Meistens werden die Sportler jedoch bereits in jungen Jahren "versaut". Wichtig sei, dass der Ablauf am Schießstand immer der gleiche ist, und die Schießhaltung von Anfang an richtig antrainiert wird. Oft werde das vernachlässigt oder zu spät erkannt. "Das im Erwachsenenalter wieder zu korrigieren, ist extrem schwierig", erklärt Bauer.

Es ist warm in Schömberg, 25 Grad Celsius, leicht bewölkt.
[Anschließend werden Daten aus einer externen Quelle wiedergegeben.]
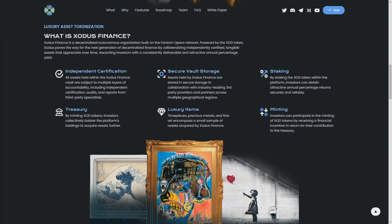Let's learn more about the features that Exodus Finance is offering to us. Independent certification: all assets held within the Exodus Finance vault are subject to multiple layers of accountability including independent certification, audits, and reports from third party specialists. Secure vault storage: assets held by Exodus Finance are stored in secure storage in collaboration with industry-leading third party providers.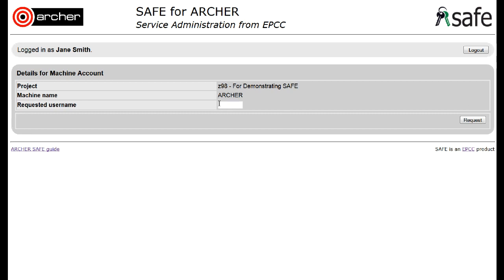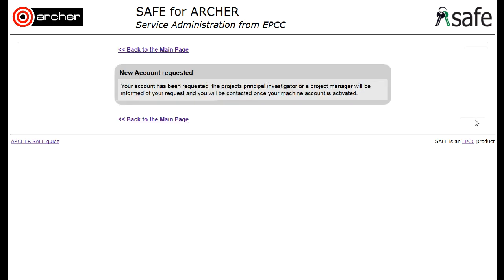Choose the username that you will be using whilst working on this project. Click on Request, and the request for access to the project will now have been sent to the PI. They will let you know once they have activated your Archer account.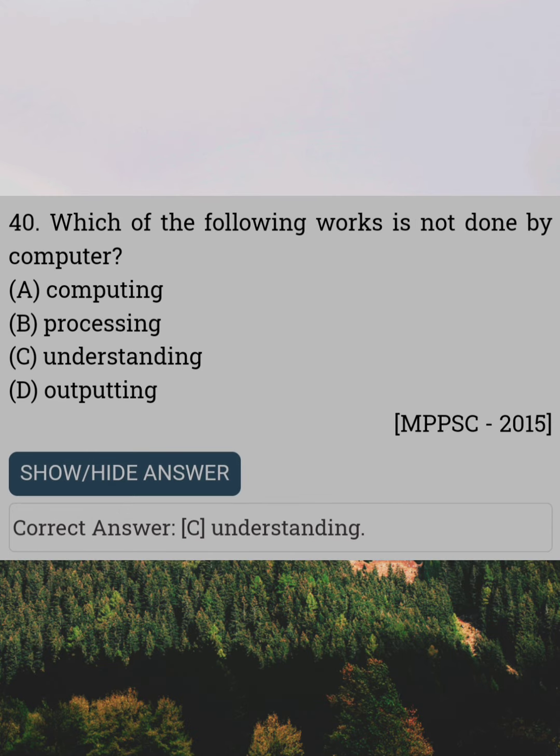Which of the following works is not done by a computer? Answer C: Understanding.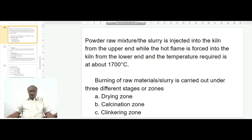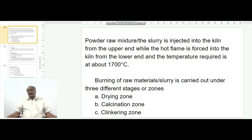In the wet process, powdered limestone and washed clay are mixed homogeneously in the form of a paste. The paste, or slurry, is injected into the rotary kiln from the upper end, while the hot flame is forced into the kiln from the lower end. In this process also, the temperature required is about 1700 degrees centigrade.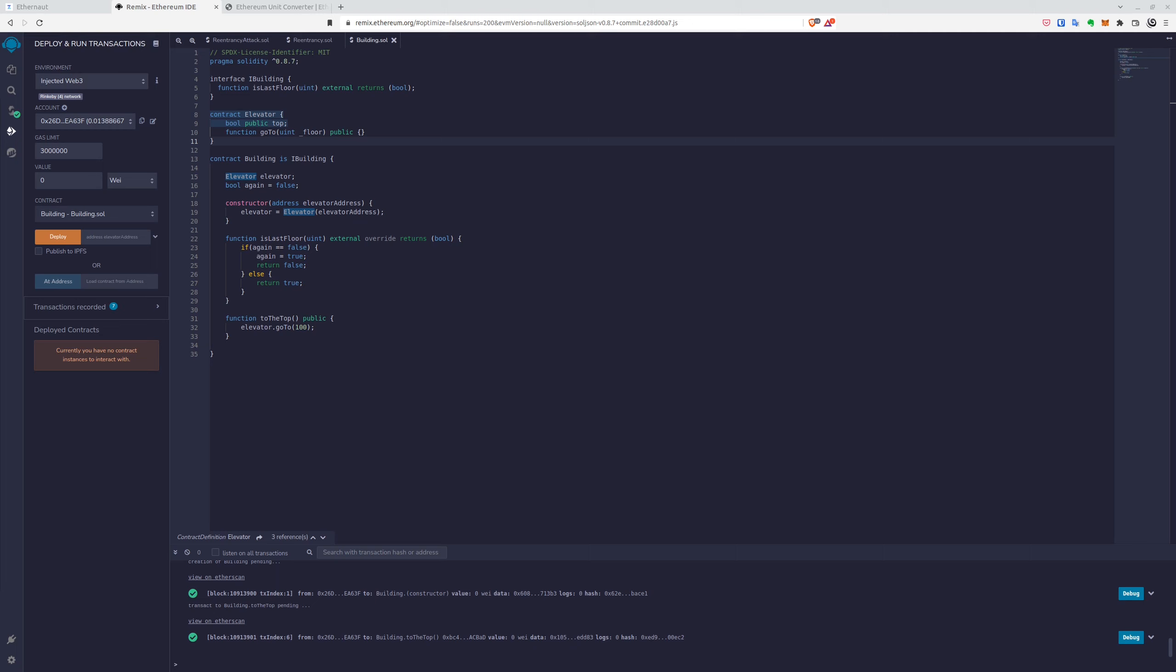So to do that, we have to call is last floor twice, because first of all is false for the first requirement. So we want to use the flag to, on the next call, set it to true. As you can see, here's the flag again and we'll be using it to fulfill those two requirements.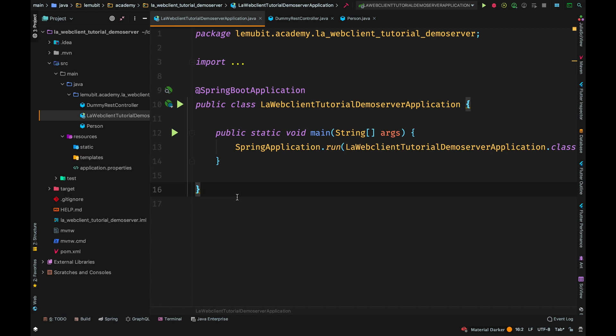In this lesson, you are going to learn about the Spring Web Client. In this particular example, we have two Spring projects.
Wintersportler müssen auch im Sommer trainieren. Das gehört dazu. "Biathlon findet immer statt", erklärt Tanja Bauer. Bei Sonne, Regen, Hagel, Schnee. "Es ist halt eine Outdoor-Sportart." Für Lea und Tim Nechwatal ist das kein Problem. Bis zu fünfmal trainieren sie in der Woche. "Was die beiden auszeichnet, ist ihr Ehrgeiz und diese Disziplin", sagt die Trainerin. "Die muss man in keinem Training motivieren, sind immer voll dabei." Wo sie diese Motivation herhaben? Vater Ralf schüttelt den Kopf und sagt: "Ich weiß es nicht." Der Sohn hat die Antwort parat: "So lange ich ein Ziel verfolge, macht es einfach Spaß", sagt Tim. "Und in jedem Winter habe ich dieses Ziel vor Augen." Dann, wenn sein Vorbild Martin Fourcade im Weltcup die Konkurrenz meilenweit hinter sich lässt.

Der Aufwand, den seine Kinder betreiben "ist enorm", findet Vater Ralf Nechwatal. Gemeinsam mit der Trainerin sorgt er zudem dafür, dass die Schule nicht vernachlässigt wird. "Das gehört einfach zur Disziplin mit dazu", findet Bauer. "Wer im Sport weit kommen will, muss auch in der Schule gut sein." Doch auch hier habe es mit den Zwillingen noch nie Probleme gegeben. "Das kenne ich auch anders", fügt Tanja Bauer lachend hinzu.

Ein Geheimnis von Lea und Tim Nechwatal ist der Ansporn des anderen. "Das ist sehr hilfreich", erklärt Lea. "Wir ärgern uns häufig gegenseitig. Das motiviert zusätzlich an." Was sich liebt, das neckt sich. "Schließlich will man immer schneller sein als der andere", ergänzt Tim.